“I will be attending the G20 foreign ministers meeting because it is important Australia supports Indonesia to ensure the meeting is a success,” Wong said.
“Given Foreign Minister Lavrov plans to attend while Russia wages an illegal and immoral war on Ukraine, the meeting cannot be business as usual.
“I have been working with my Indonesian counterpart, Foreign Minister [Retno] Marsudi and other partners to ensure that the forum sends a clear message to Russia.”
Asked about the reception Lavrov might expect next week, Denis Tetyushin, the spokesman for the Russian embassy in Jakarta, told The Sydney Morning Herald and The Age “you have to ask other delegations”.
“It’s their business,” he said. “But you can’t really discuss big issues without Russia’s participation.”

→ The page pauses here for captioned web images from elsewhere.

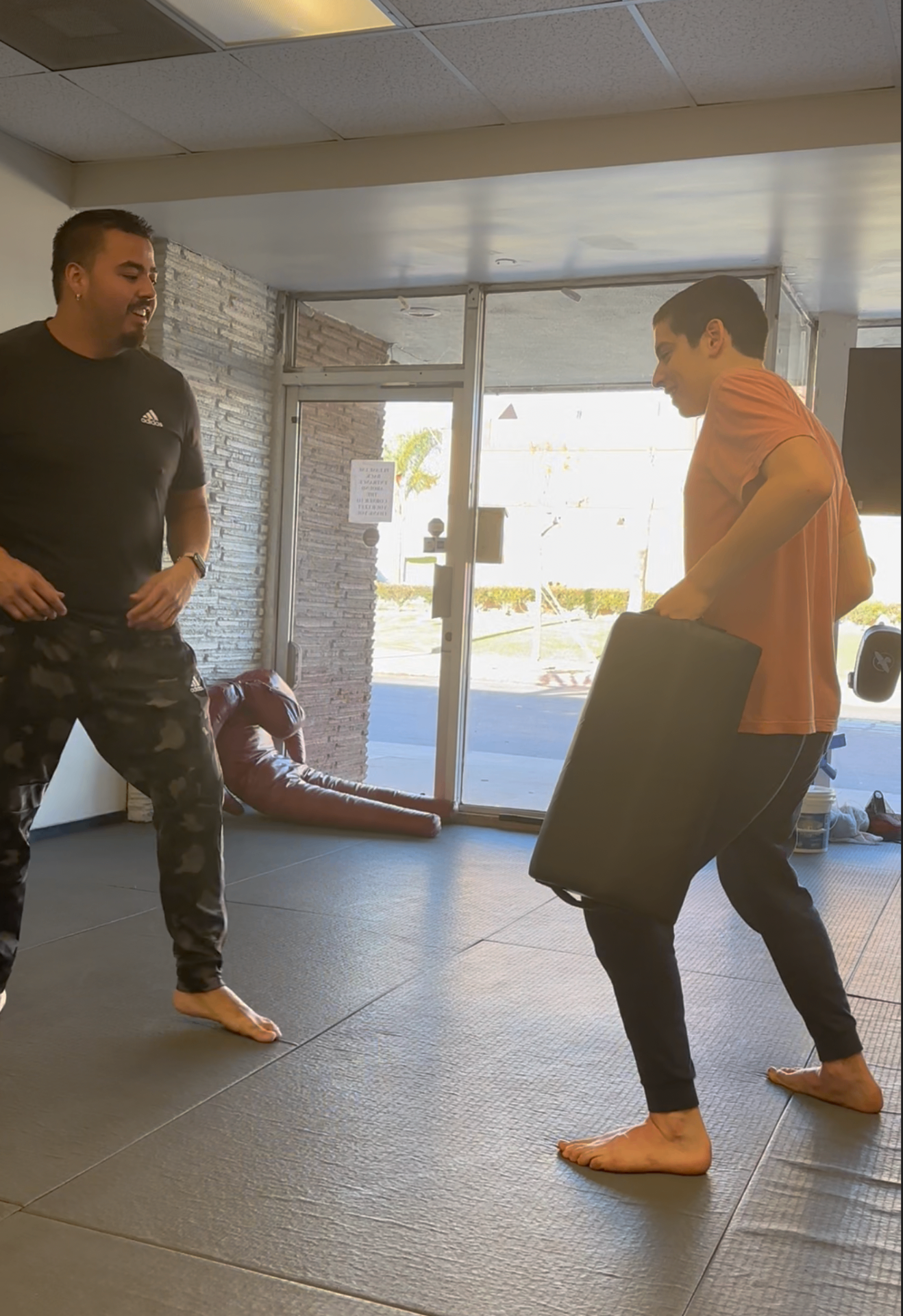 Clayton coaching a mentee through pad work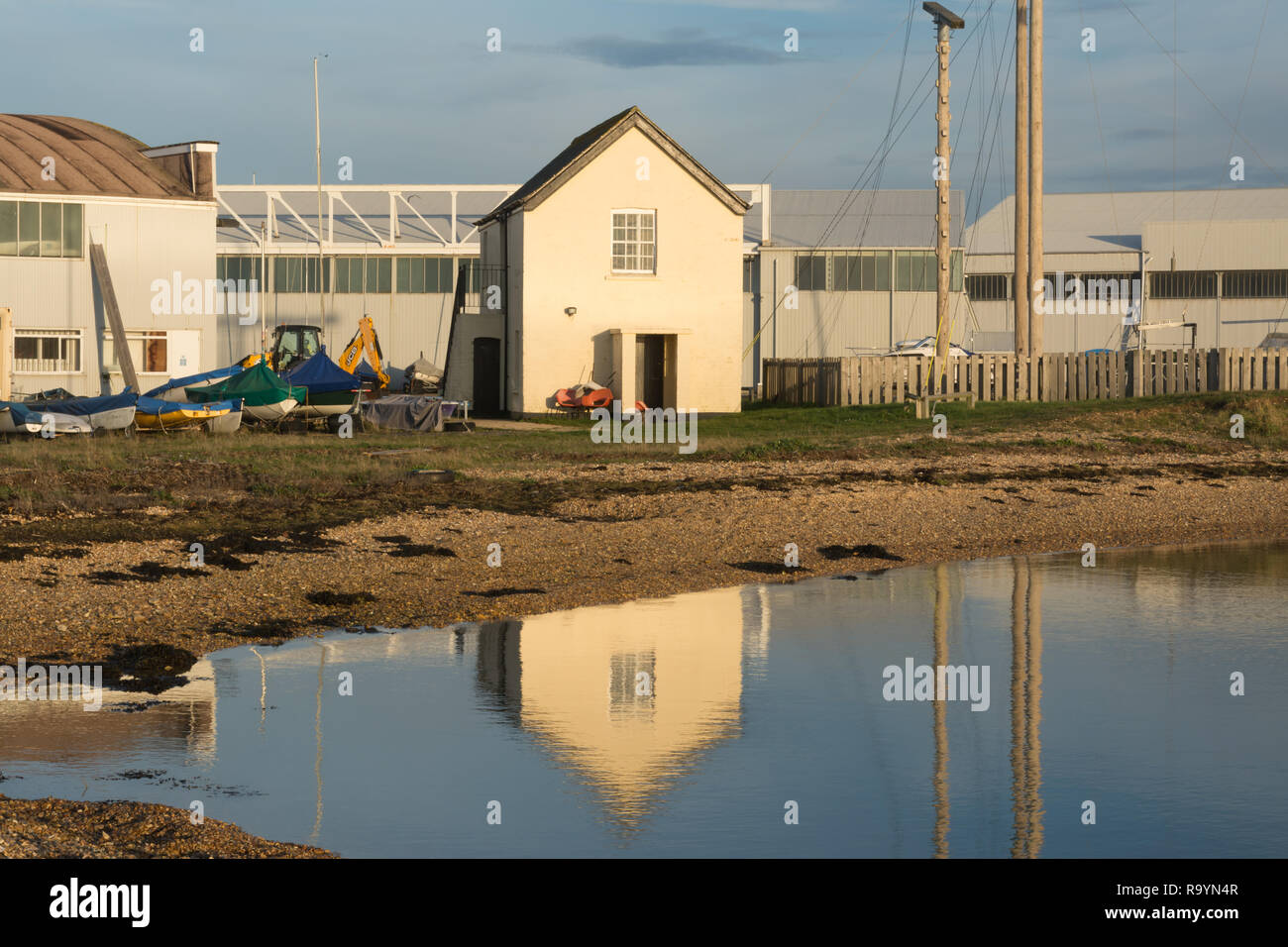 Staniforth Cottage, un edificio classificato Grade II su Calshot spit riflessa nel Solent. Era un edificio di guardia costiera, convertiti in uso militare. Foto Stock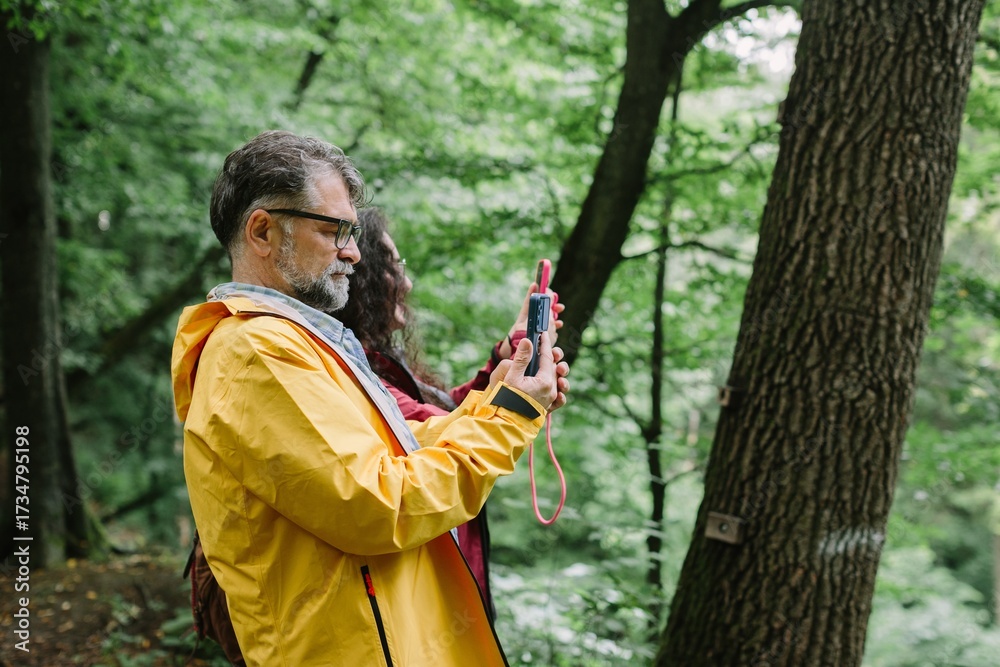 Fototapeta premium Father daughter hiking exploring forest with navigation device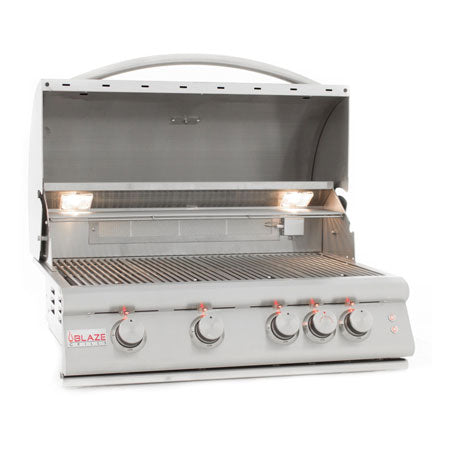 Stainless built-in gas grill with open hood, control knobs, and interior light strips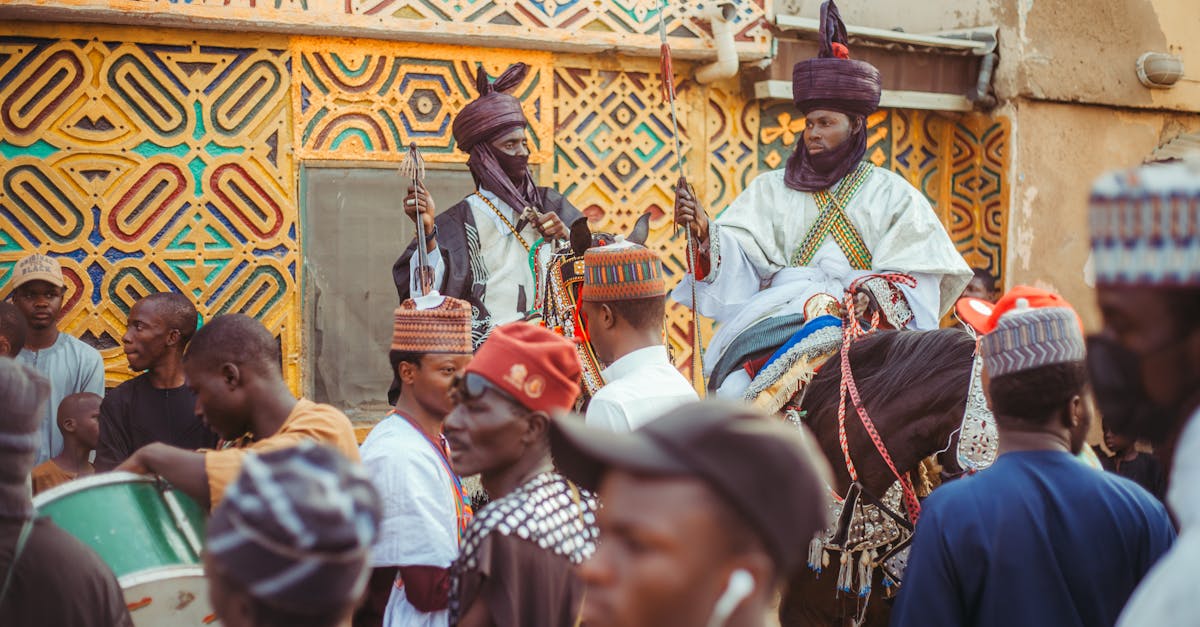 Vibrant street festival in Africa showcasing traditional attire and architecture.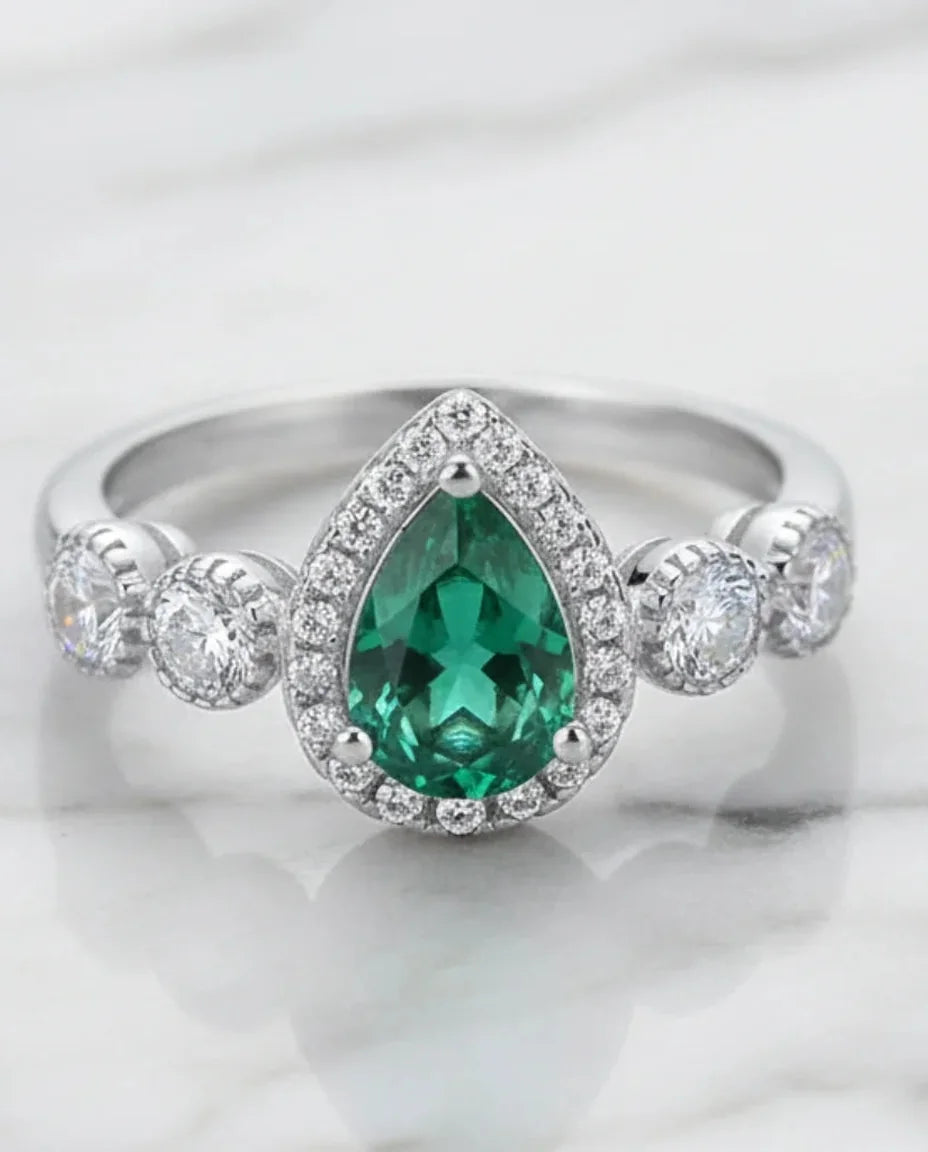 Lab grown pear cut emerald ring in 925 sterling silver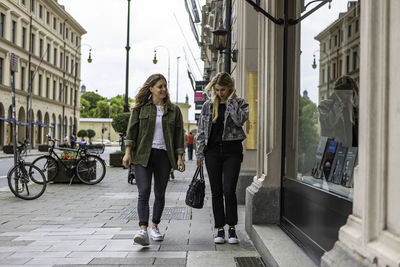 People walking on footpath in city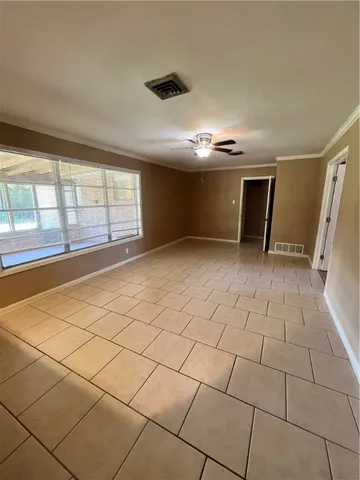 a view of an empty room and window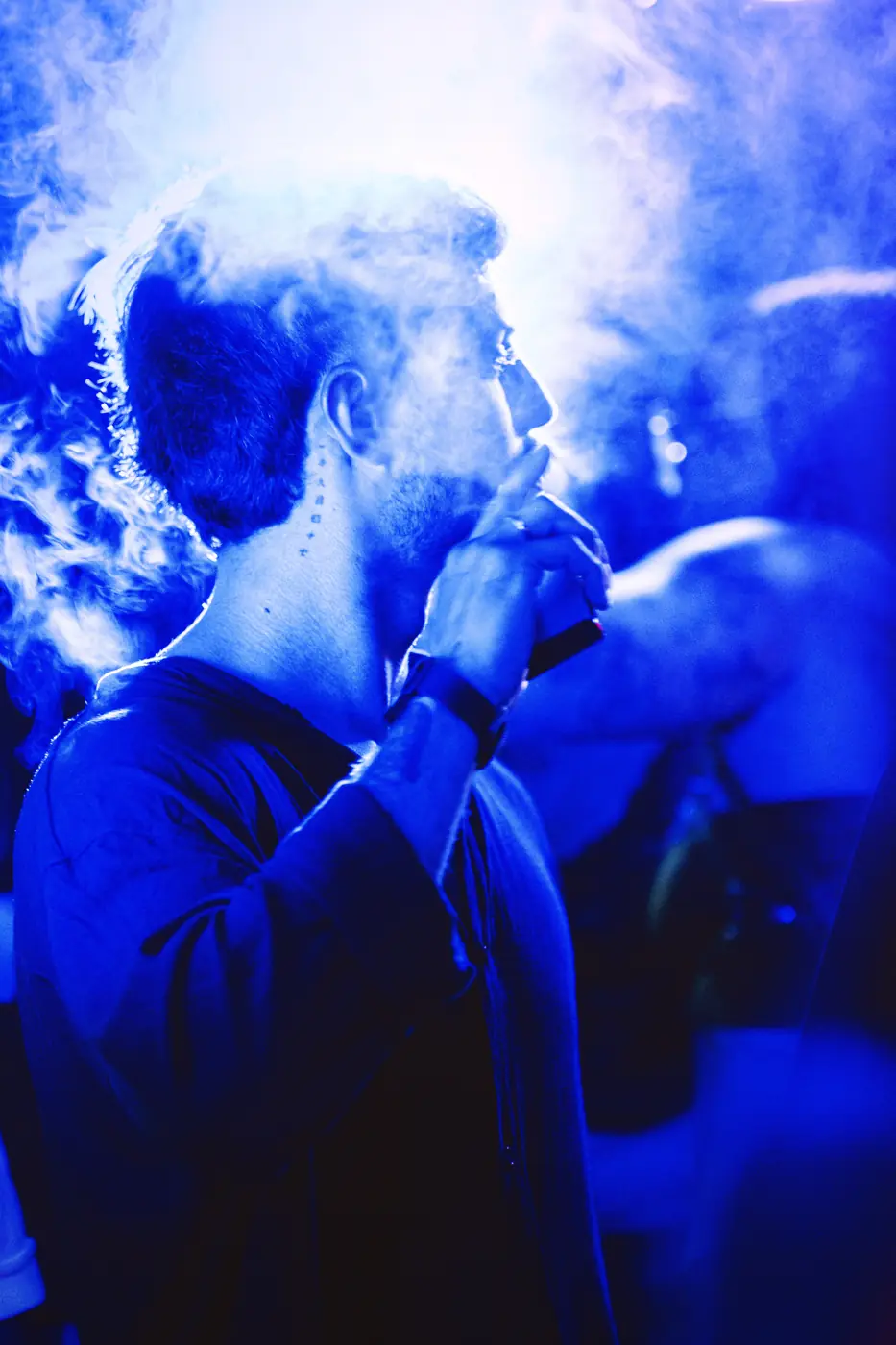 Silueta entre humo y luz azul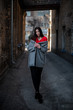 © prokop.photo - Girl in a red blouse and a gray cardigan on the background of the old brick wall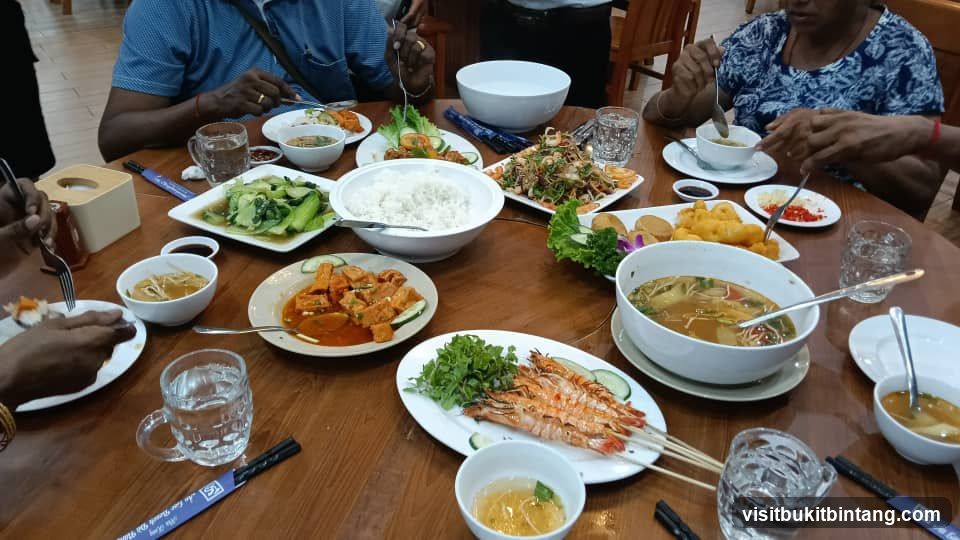 Meal with Grilled Prawns and Various Dishes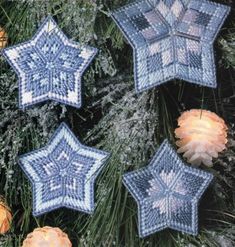 four crocheted snowflakes hanging from a pine tree with lights in the background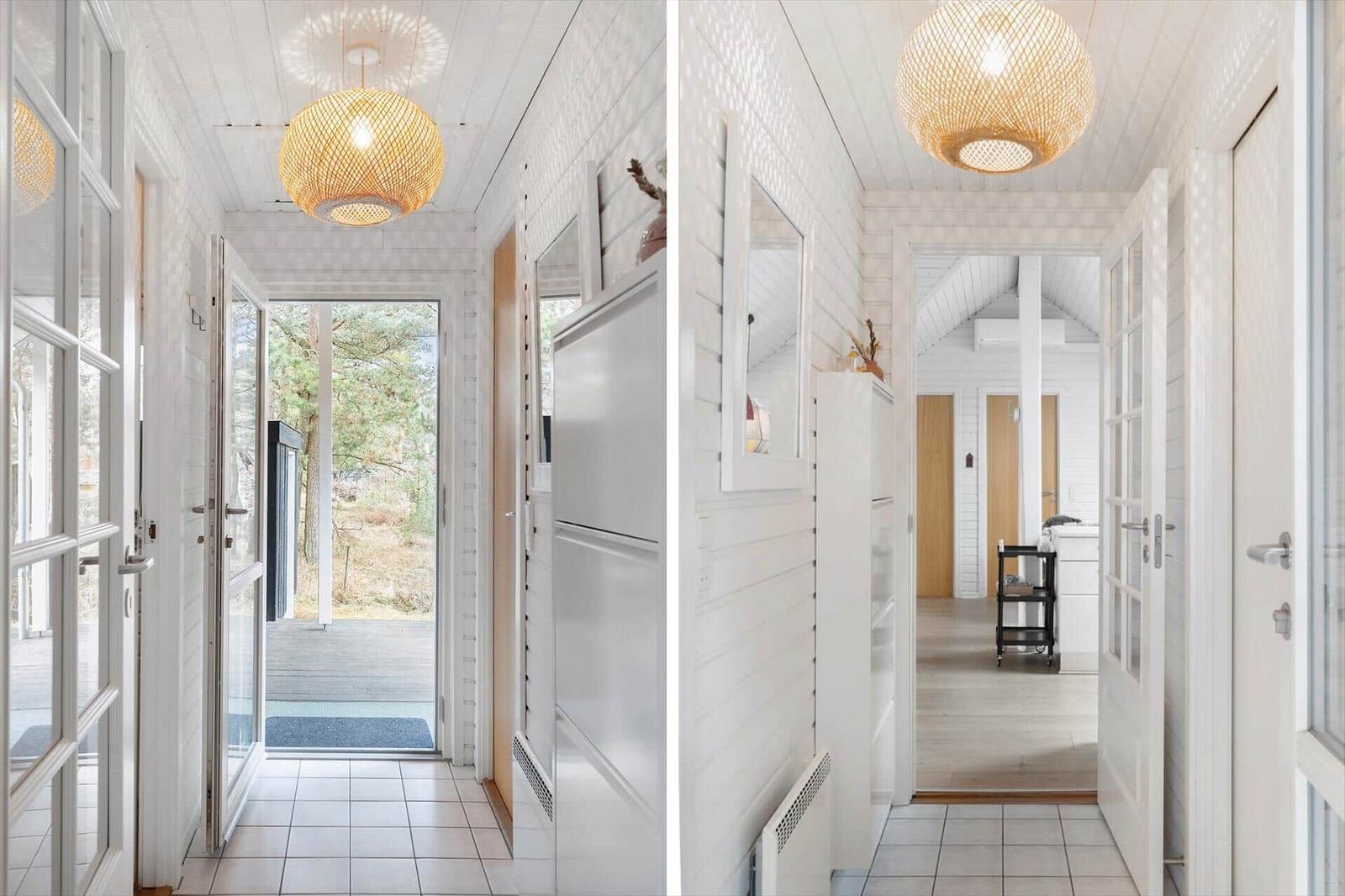Hallway with white walls, wooden floor, and round ceiling lights.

While Wong and top diplomats from G20 nations will converge on Bali next Thursday, Indonesia President Joko Widodo was on Wednesday boarding a train from Poland into Ukraine to meet with Ukraine President Volodymyr Zelensky in Kyiv.
The Indonesian leader has also flagged plans to visit Moscow, where he said he would call for a ceasefire and implore Putin to stop a blockade of Ukrainian grain exports to avert a global food crisis.
“We started this peace mission with good intentions. Hope it gets easier,” said Joko, known as Jokowi, on Wednesday.
Speaking in Kuala Lumpur, meanwhile, Wong responded to reported plans by China to schedule its own meeting with Pacific foreign ministers on the same day as the Pacific Islands Forum in Fiji next month. Beijing’s invitations to ministers from 10 Pacific nations was revealed by the ABC.
“I would hope that any external major power engaging with the Pacific would respect the regional architecture,” Wong said.
Wong on Wednesday delivered a speech to an audience including politicians and business figures in the Malaysian capital in which she talked of her own heritage in the country.
Later, she was flying to Kota Kinabalu, the capital of Sabah state and the city of her birth, for the second and final leg of a three-day Malaysian tour.
“My family history will be on my mind today when I go back to Kota Kinabalu,” she said. “But more than the past, I am focused on the future.”